_What to produce:_ An exact copy of all entries is required.

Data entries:
──────
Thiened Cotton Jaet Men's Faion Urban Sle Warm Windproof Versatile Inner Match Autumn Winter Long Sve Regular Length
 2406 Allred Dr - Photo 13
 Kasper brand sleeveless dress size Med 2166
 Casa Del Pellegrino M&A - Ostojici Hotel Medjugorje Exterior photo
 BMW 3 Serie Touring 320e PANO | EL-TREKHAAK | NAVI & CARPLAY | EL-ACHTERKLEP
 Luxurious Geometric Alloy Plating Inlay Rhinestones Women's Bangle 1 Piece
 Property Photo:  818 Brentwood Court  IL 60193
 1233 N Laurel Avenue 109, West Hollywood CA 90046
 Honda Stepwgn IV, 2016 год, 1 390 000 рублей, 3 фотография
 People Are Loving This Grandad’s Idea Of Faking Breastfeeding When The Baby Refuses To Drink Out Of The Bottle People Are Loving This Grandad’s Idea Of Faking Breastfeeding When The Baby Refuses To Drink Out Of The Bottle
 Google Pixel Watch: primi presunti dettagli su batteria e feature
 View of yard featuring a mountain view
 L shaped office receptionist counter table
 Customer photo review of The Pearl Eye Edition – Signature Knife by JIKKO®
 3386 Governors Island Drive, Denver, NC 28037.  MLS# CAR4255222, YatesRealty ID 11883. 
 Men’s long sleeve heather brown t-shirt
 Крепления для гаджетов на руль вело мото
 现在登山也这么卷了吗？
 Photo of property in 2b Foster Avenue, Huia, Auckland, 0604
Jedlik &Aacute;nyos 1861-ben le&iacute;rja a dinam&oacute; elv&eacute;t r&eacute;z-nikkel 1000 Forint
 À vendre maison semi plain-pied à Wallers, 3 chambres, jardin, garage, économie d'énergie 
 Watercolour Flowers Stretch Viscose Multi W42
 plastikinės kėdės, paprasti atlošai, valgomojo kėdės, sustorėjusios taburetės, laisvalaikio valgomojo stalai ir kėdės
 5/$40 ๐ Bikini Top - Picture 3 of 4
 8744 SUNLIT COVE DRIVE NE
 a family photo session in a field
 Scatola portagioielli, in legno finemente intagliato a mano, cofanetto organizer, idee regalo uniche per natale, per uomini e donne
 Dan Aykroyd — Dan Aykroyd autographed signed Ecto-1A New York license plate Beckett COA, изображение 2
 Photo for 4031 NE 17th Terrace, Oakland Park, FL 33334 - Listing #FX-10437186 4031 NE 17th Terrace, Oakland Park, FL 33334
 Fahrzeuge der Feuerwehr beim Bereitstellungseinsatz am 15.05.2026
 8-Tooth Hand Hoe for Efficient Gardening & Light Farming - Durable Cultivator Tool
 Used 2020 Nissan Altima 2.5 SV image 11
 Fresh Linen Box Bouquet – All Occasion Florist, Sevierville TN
──────
_Task response:_
Thiened Cotton Jaet Men's Faion Urban Sle Warm Windproof Versatile Inner Match Autumn Winter Long Sve Regular Length
 2406 Allred Dr - Photo 13
 Kasper brand sleeveless dress size Med 2166
 Casa Del Pellegrino M&A - Ostojici Hotel Medjugorje Exterior photo
 BMW 3 Serie Touring 320e PANO | EL-TREKHAAK | NAVI & CARPLAY | EL-ACHTERKLEP
 Luxurious Geometric Alloy Plating Inlay Rhinestones Women's Bangle 1 Piece
 Property Photo:  818 Brentwood Court  IL 60193
 1233 N Laurel Avenue 109, West Hollywood CA 90046
 Honda Stepwgn IV, 2016 год, 1 390 000 рублей, 3 фотография
 People Are Loving This Grandad’s Idea Of Faking Breastfeeding When The Baby Refuses To Drink Out Of The Bottle People Are Loving This Grandad’s Idea Of Faking Breastfeeding When The Baby Refuses To Drink Out Of The Bottle
 Google Pixel Watch: primi presunti dettagli su batteria e feature
 View of yard featuring a mountain view
 L shaped office receptionist counter table
 Customer photo review of The Pearl Eye Edition – Signature Knife by JIKKO®
 3386 Governors Island Drive, Denver, NC 28037.  MLS# CAR4255222, YatesRealty ID 11883. 
 Men’s long sleeve heather brown t-shirt
 Крепления для гаджетов на руль вело мото
 现在登山也这么卷了吗？
 Photo of property in 2b Foster Avenue, Huia, Auckland, 0604
Jedlik &Aacute;nyos 1861-ben le&iacute;rja a dinam&oacute; elv&eacute;t r&eacute;z-nikkel 1000 Forint
 À vendre maison semi plain-pied à Wallers, 3 chambres, jardin, garage, économie d'énergie 
 Watercolour Flowers Stretch Viscose Multi W42
 plastikinės kėdės, paprasti atlošai, valgomojo kėdės, sustorėjusios taburetės, laisvalaikio valgomojo stalai ir kėdės
 5/$40 ๐ Bikini Top - Picture 3 of 4
 8744 SUNLIT COVE DRIVE NE
 a family photo session in a field
 Scatola portagioielli, in legno finemente intagliato a mano, cofanetto organizer, idee regalo uniche per natale, per uomini e donne
 Dan Aykroyd — Dan Aykroyd autographed signed Ecto-1A New York license plate Beckett COA, изображение 2
 Photo for 4031 NE 17th Terrace, Oakland Park, FL 33334 - Listing #FX-10437186 4031 NE 17th Terrace, Oakland Park, FL 33334
 Fahrzeuge der Feuerwehr beim Bereitstellungseinsatz am 15.05.2026
 8-Tooth Hand Hoe for Efficient Gardening & Light Farming - Durable Cultivator Tool
 Used 2020 Nissan Altima 2.5 SV image 11
 Fresh Linen Box Bouquet – All Occasion Florist, Sevierville TN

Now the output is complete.